Start of Data to process

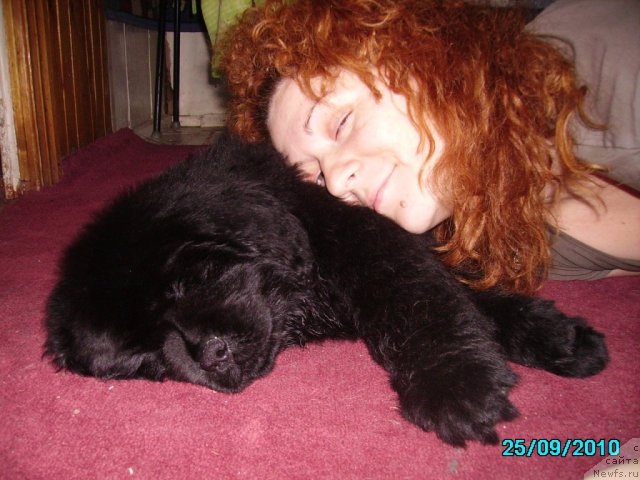 Фото: ньюфаундленд Ih Vyisochestvo Vladlena Madjiks (Их Высочество Владлена Маджикс), Irina Nistratova (Ирина Нистратова)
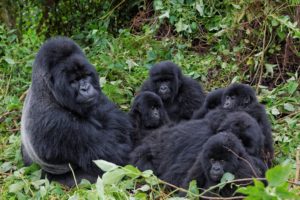 families, Apes, Gorillas, Animals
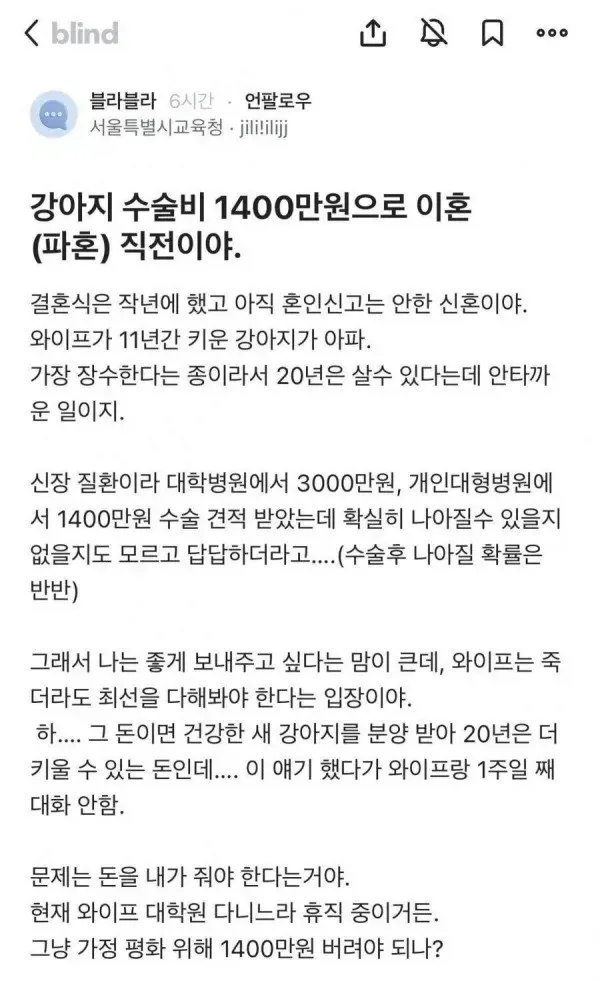 강아지 수술비 1400만원 때문에 이혼 위기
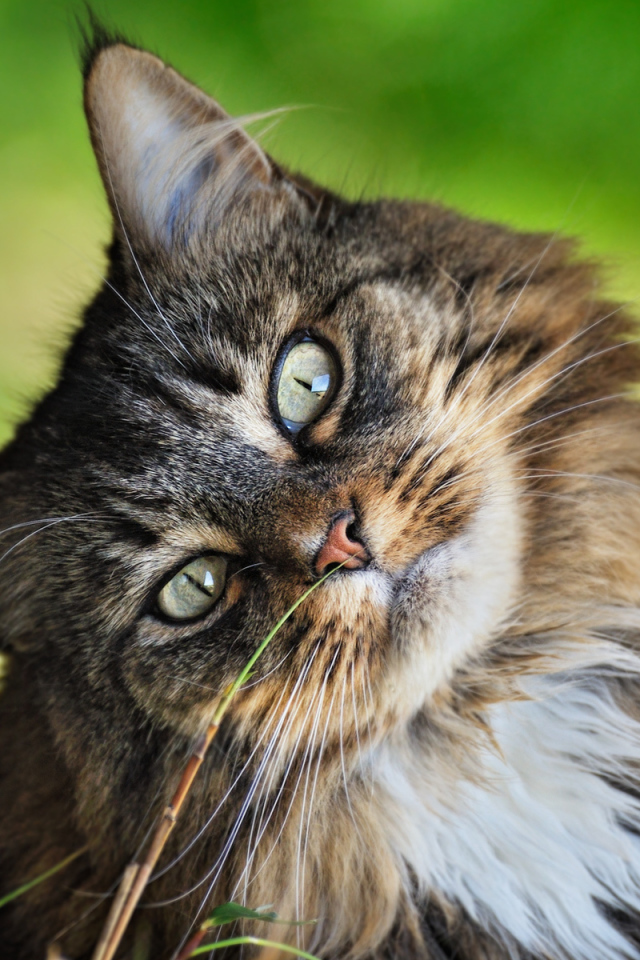 Кошачья мордашка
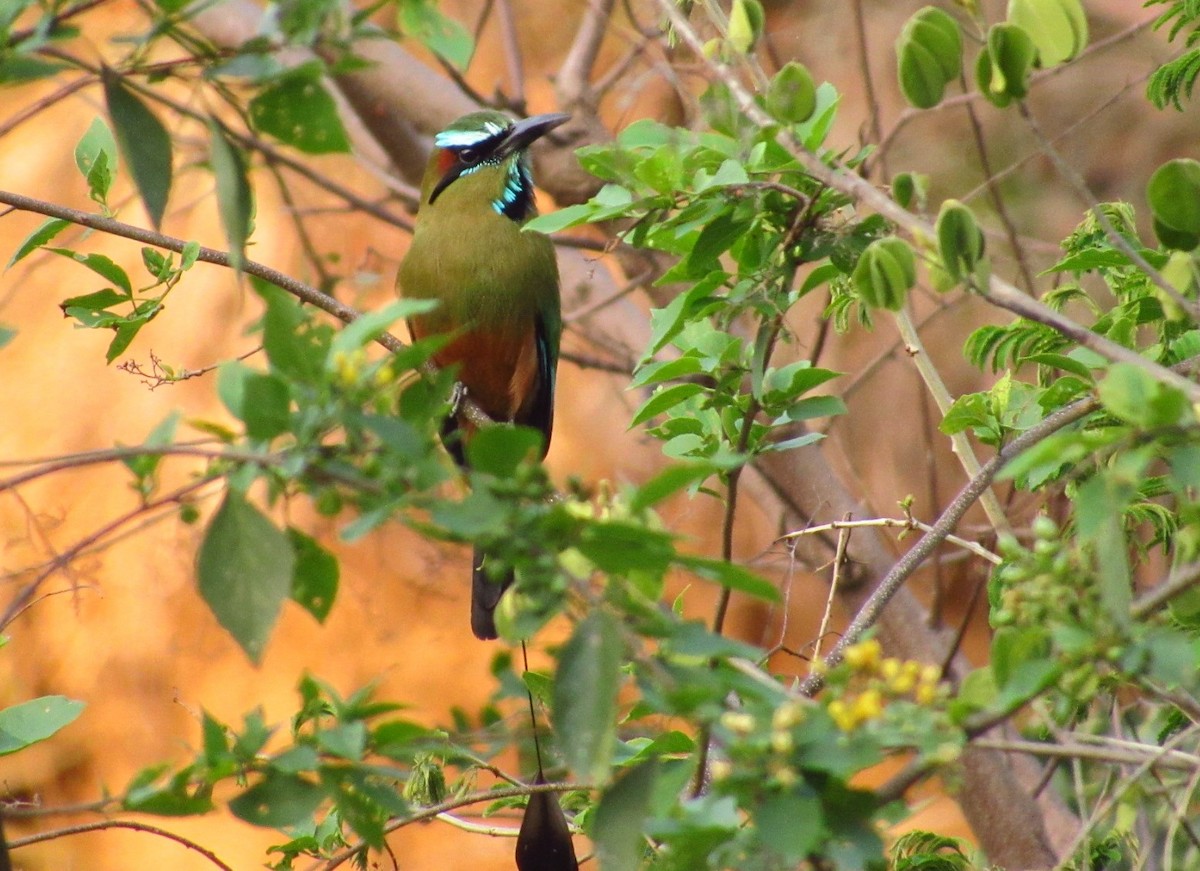 Turquoise-browed Motmot - ML635698599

End of Data to process

Exercise instructions:
Set down each of the records precisely, leaving any pictures behind.

The completed task:
 Фото: ньюфаундленд Ih Vyisochestvo Vladlena Madjiks (Их Высочество Владлена Маджикс), Irina Nistratova (Ирина Нистратова)
 families, Apes, Gorillas, Animals
 강아지 수술비 1400만원 때문에 이혼 위기
 Кошачья мордашка
 Turquoise-browed Motmot - ML635698599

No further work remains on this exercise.